The further moderation in GDP is seen in the light of the Reserve Bank of India's (RBI) aggressive rate hike stance to contain high inflation levels. The slowdown in exports and low consumer demand also contributed to low GDP growth in the said quarter.
The Centre has also revised both yearly and quarterly past growth numbers. With this, the real economic growth for FY20, FY21 and FY22 have been revised upwards by 20 bps, 77 bps, and 42 bps, respectively.
The huge revisions in FY21 growth are primarily due to substantial upward revisions in manufacturing growth (+351 bps) and construction (+239 bps). "Manufacturing and construction sectors were not so much impacted during the pandemic.
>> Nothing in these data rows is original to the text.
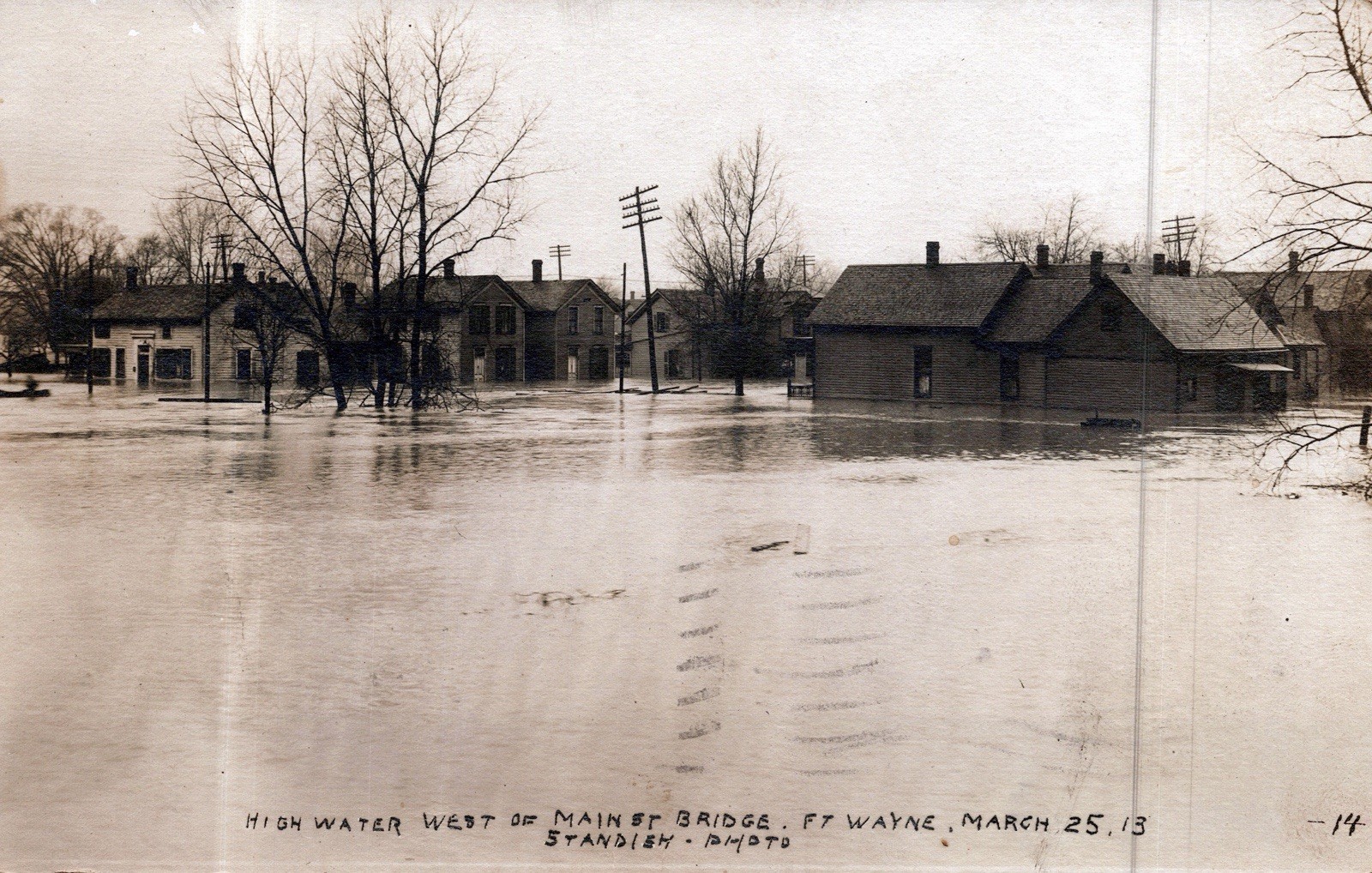 1913 Fort Wayne Indiana Flood Main St Bridge Standish RPPC Postcard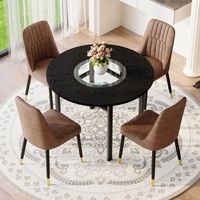 CAIziEnsemble table ronde et chaises, comprenant 4 chaises marron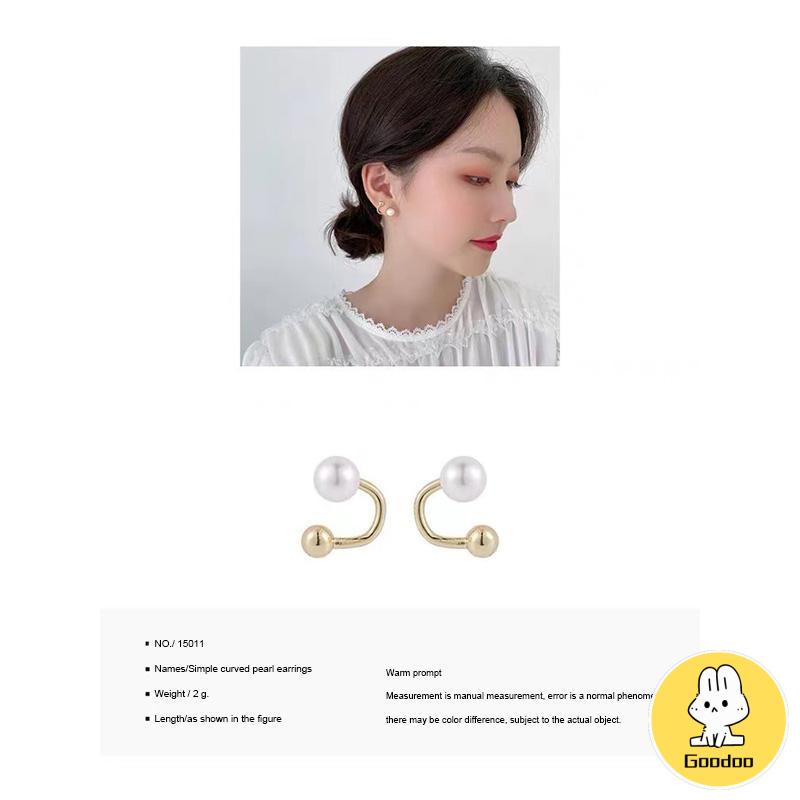 Anting-anting Mutiara Temperamen  Anting-anting Desain Sederhana Wanita  Anting-anting Kepribadian Perak 925 -Doo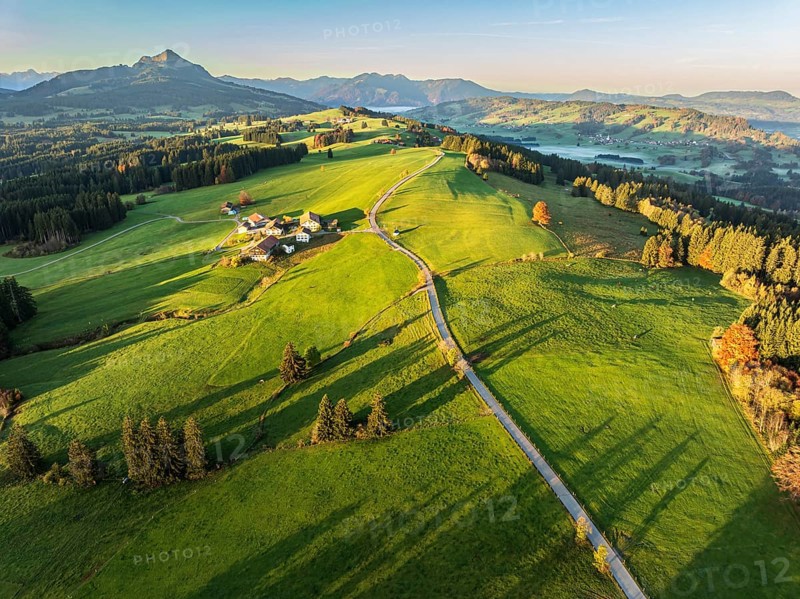 Mountain range near village Wertach, view to mt. Gruenten, sunrise, fog in valley, traditional farm, aerial view, Allgaeu, Bavaria, Germany, Europe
In rupees terms the revision accounted for an increase of Rs 98,000 crore in both these sectors," the SBI report said.
However, the seasonally adjusted real GDP growth series shows a modest dip in economic momentum, with a decline in growth at -0.7% QoQ in Q3 FY23 compared to 1.2% QoQ in Q3 FY22 and -2.1% QoQ in Q2 FY23.
There have been large revisions in the quarterly number of FY21. GDP growth of Q2, Q3, and Q4 FY21 has been revised upwards by more than 90 bps. However, the GDP growth of Q3 and Q4 of FY22 were revised downwards. In respect of the current fiscal, the Q1 FY23 GDP growth was revised downwards by 32 bps. "Due to upward revision in FY22 GDP numbers (by 42 bps), the fiscal deficit of FY23 as % of GDP will now be revised upwards to 6.5% from 6.4% of GDP," the report adds.
For FY24, there will be no change in fiscal deficit due to revisions. The sectoral GVA indicate, says SBI, all the sectors have crossed the pre-covid level.
The SBI report says the recent news of El Nino is not concerning. “Looking at the relation between El Nino and Indian droughts since 1950, it is observed that India faced 13 droughts, and 10 of these were in El Niño years and one in a La Niña years. This indicates that there may not be a one-to-one correspondence between El Niño and Indian droughts. The FY24 GDP growth is likely to be higher than the threshold of 6%.”
The report says with the government's efforts to ensure the quality of life for all citizens and stopped leakage of benefits through DBT, the per capita GDP at current prices is estimated at ₹1,96,716, compared to ₹71,609 in FY12 with a CAGR growth of 10.6%. In constant prices, too, the per capita GDP has increased to ₹1,09,060 in FY23.”
The report says despite unpaid domestic work being an indispensable factor contributing to the well-being of the economy, keeping them out of ‘economic activities’ put unpaid domestic work under the shadow of invisibility. “The total contribution of unpaid women to the economy is around ₹22.7 lakh crore (Rural: ₹14.7 lakh crore and Urban: ₹8.0 lakh crore), which is almost 7.5% of India’s GDP.”